Natan Dvir, Juicy Couture 01, 2008 @ Natan Dvir
Until the 16th of February, you have the opportunity to appreciate seventy years of street photography, from international icons like Diane Arbus and Robert Frank to young, contemporary artists like the Austrian Lies Maculan and Alex Dietrich.
Street photography is one of the favourite subjects of the 20th and 21st centuries, so much as to become a genre of its own.
The reason we love these shoots is that the instant the street photographer decides to capture an image; the city's streets become the stage and the passers-by, the stars. Fleeting moments, looks or expressions are immortalised through the lens of photographers, which allows us to see the world through their eyes.
Instead of showing the works in chronological order, the curators of the exhibition, Verena Kaspar-Eisert and Sabine Schnakenberg, decided to divide the more than 200 photos into five themes; Street Life, Crashes, Public Transfer, Anonymity, and Alienation. In each segment, they juxtaposed pictures by photographers from different times and with different styles, which makes it even more fascinating.
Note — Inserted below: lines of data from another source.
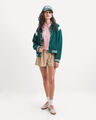 Short Beige Con Cinto,BEIGE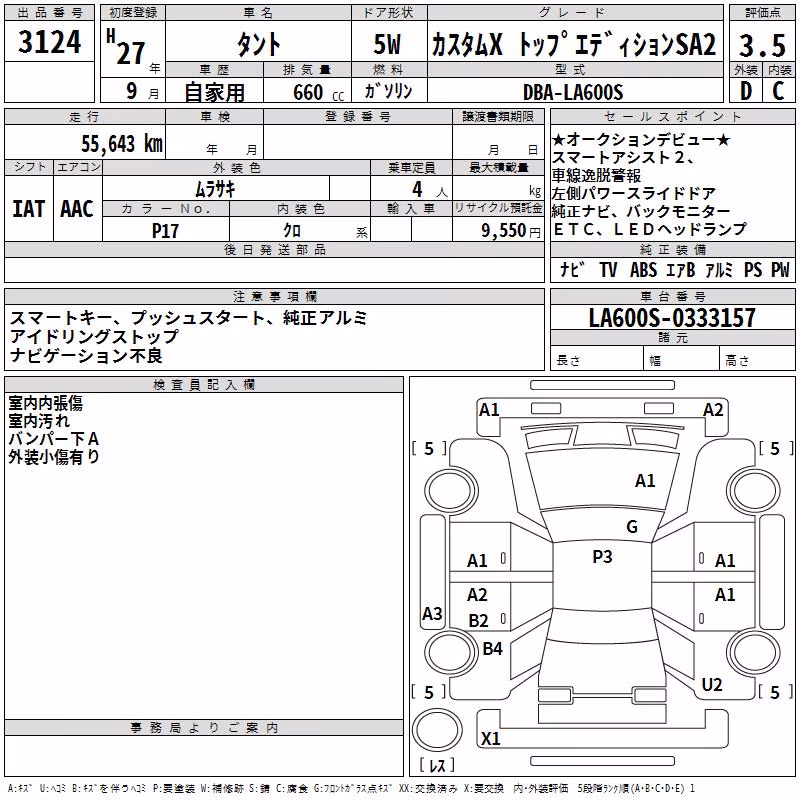 DAIHATSU TANTO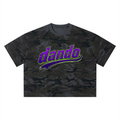 Dandō Dark Purple Camo Boxy Shirt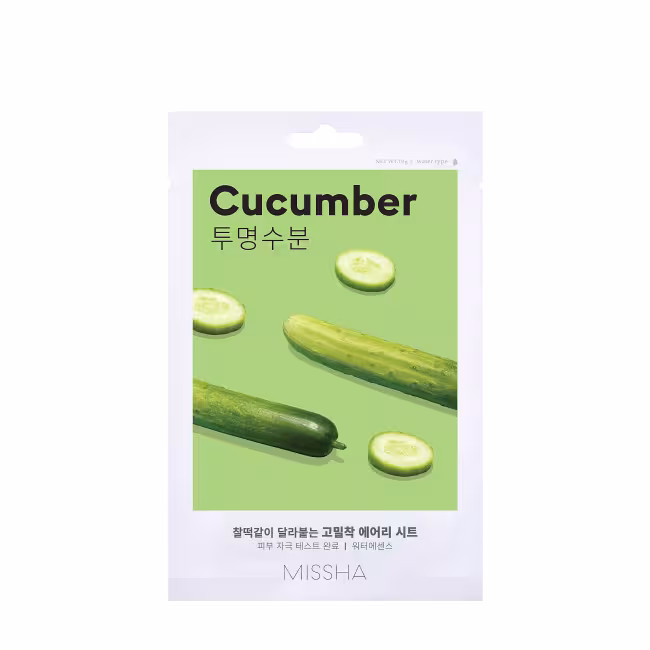 MISSHA AIRY FIT SHEET MASK CUCUMBER Pleťová maska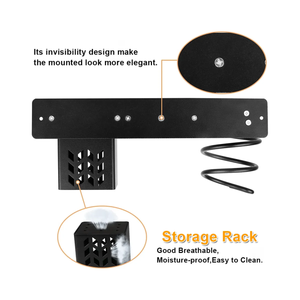 Wall-Mounted Hair Dryer & Styling Tool Organizer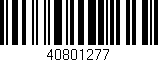 Código de barras (EAN, GTIN, SKU, ISBN): '40801277'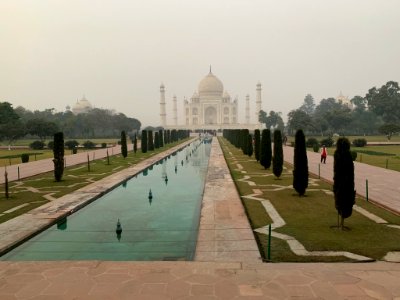 Taj Mahal on a smoggy day photo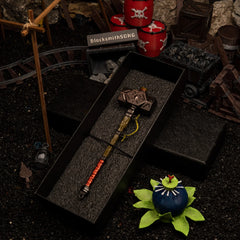 Iron Sledgehammer replica — in its foam-lined gift box.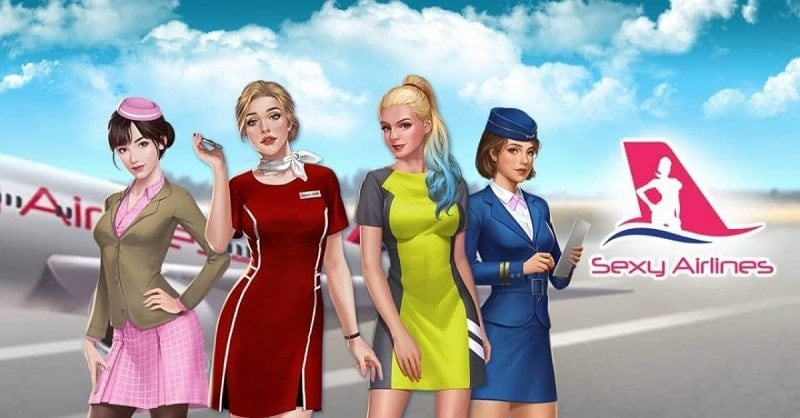 Nữ tiếp viên hàng không xinh đẹp trong Sexy Airlines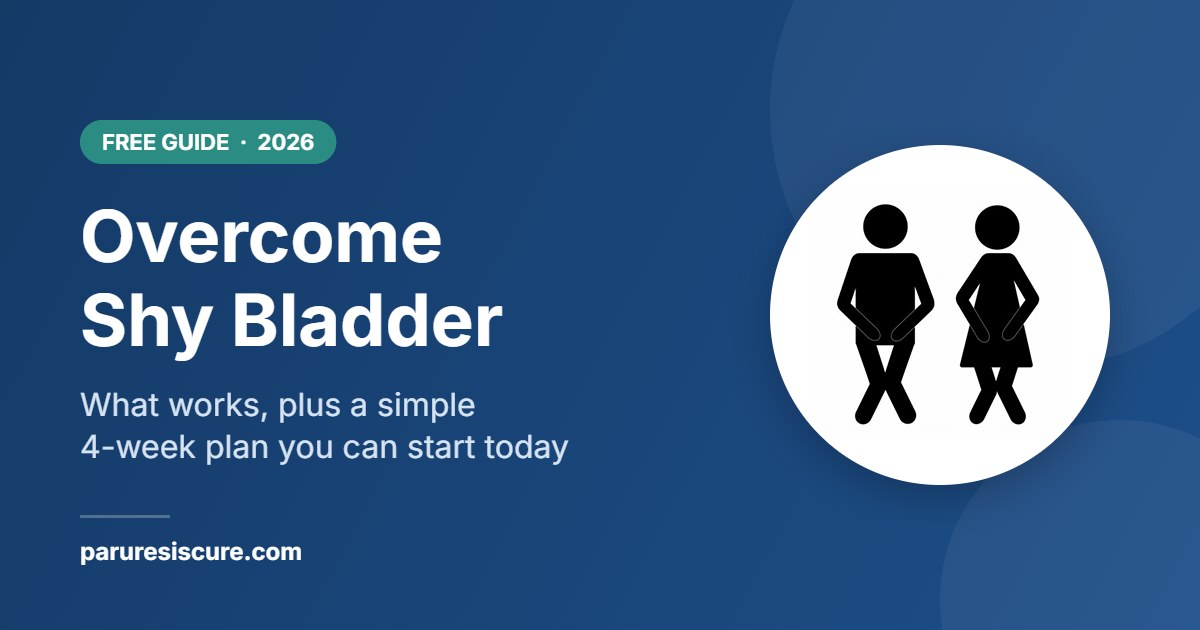 Overcome Shy Bladder: what works, plus a simple 4-week plan, with the Paruresis Cure logo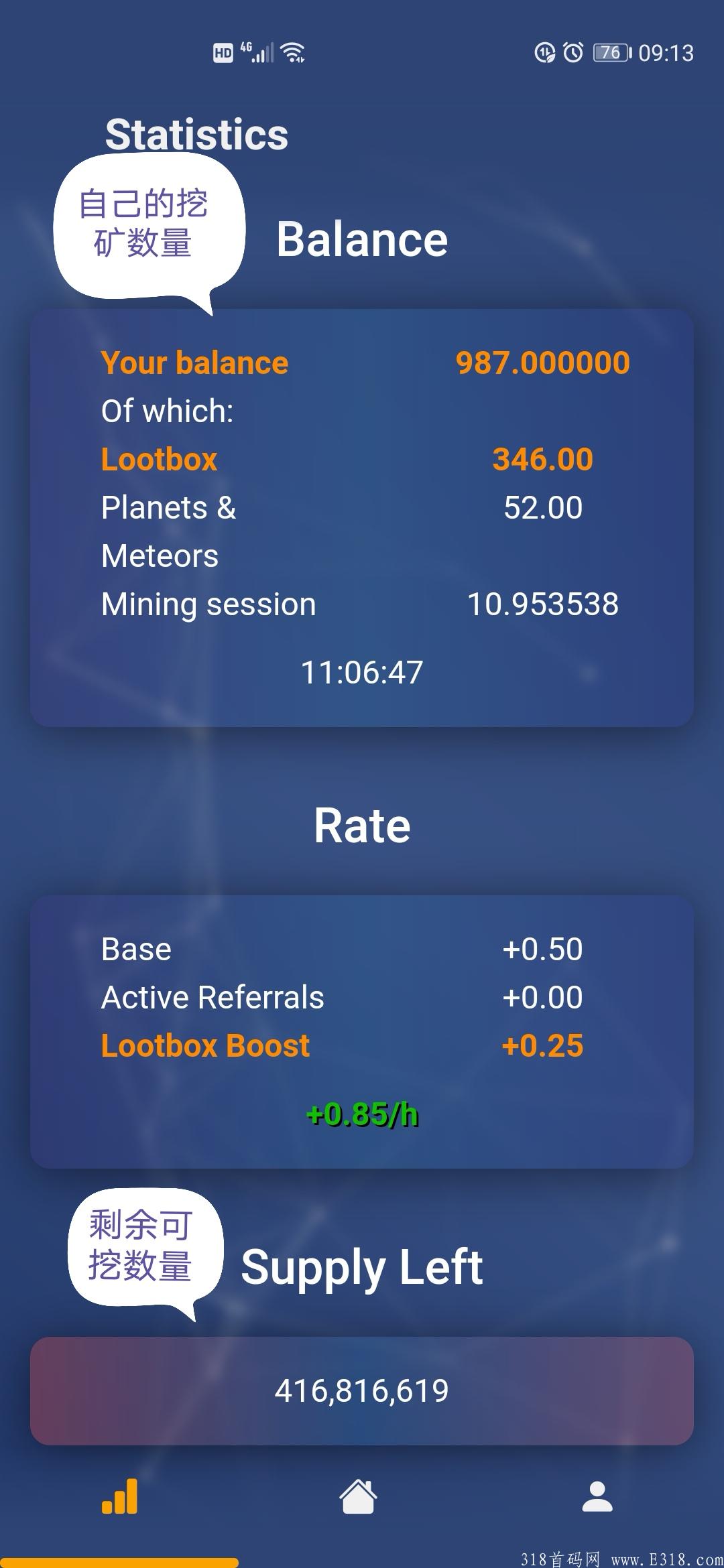 Screenshot_20210723_091306_com.alphanetwork.alphaminer_edit_501601005995856.jpg Alpha Network,国外4月新出项目,PI模式,免费挖kuang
Axel Schön, Untitled, 1933 @ Axel Schön
You can clearly see the radical changes in street photography from the early days of analogue black and white pictures in the ‘30s to today’s digital photography. Interestingly, not only the way artists shoot the photographs ave changed but also the aesthetic and vision of the photographers.
Mikro Martin, untitled, 2006 - 2011 @ Mikro Martin
And since you’re at the Kunst Haus, I strongly recommend you get the combination ticket and also visit the Hundertwasser Museum. And do make a pit stop at the cute cafe restaurant at the Kunst Haus Wien that has Hundertwasser’s unmistakable style; multicolours, irregular and soft edges and plenty of green.